La LPDPAP stipule qu'une fois la motion présentée, aucune autre étape ne peut être commencée dans l'instance tant que le tribunal n'a pas statué de façon définitive sur la motion. Si la question sur laquelle s'est exprimé le défendeur porte sur une affaire en instance devant un tribunal administratif, cette procédure peut également être suspendue en attendant que la motion soit tranchée, en déposant une copie de l'avis de motion auprès du tribunal administratif. Le tribunal a le pouvoir discrétionnaire d'ordonner que la suspension soit levée dans certains cas.

La LPDPAP stipule également que la motion doit être tranchée rapidement. Une motion d'examen préliminaire doit être entendue dans un délai de 60 jours suivant le dépôt de l'avis de motion. En attendant l'audience sur la motion, le contre-interrogatoire sur tout élément de preuve documentaire est limité à une journée pour chaque partie, sous réserve d'une prolongation de cette période par le tribunal dans l'intérêt de la justice. Une fois la motion tranchée, tout appel doit être entendu dès que possible par la suite.
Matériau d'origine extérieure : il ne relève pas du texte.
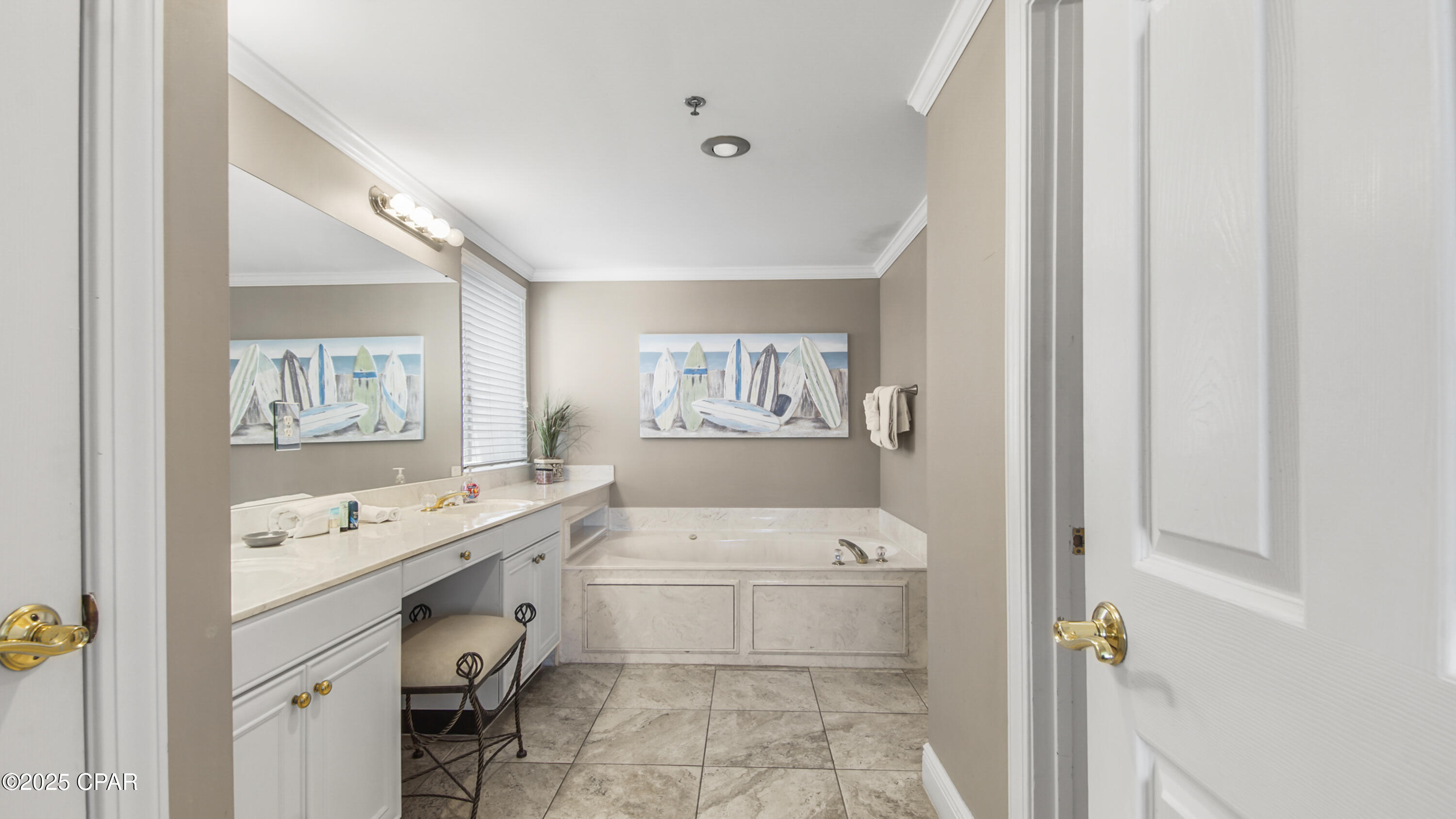 Image 23 For 6415 Thomas Drive 1205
Au moment de sa présentation à l'Assemblée législative le 4 juin, les partis d'opposition ont exprimé leur appui à la LPDPAP. La LPDPAP devrait être présentée en deuxième lecture cet automne et pourrait éventuellement entrer en vigueur d'ici la fin de 2013.


[1] Rapport à l'intention du procureur général de l'Ontario du Comité consultatif pour contrer les poursuites-bâillons (2010) (le « Rapport pour contrer les poursuites-bâillons »).

[2] Rapport pour contrer les poursuites-bâillons, par. 2.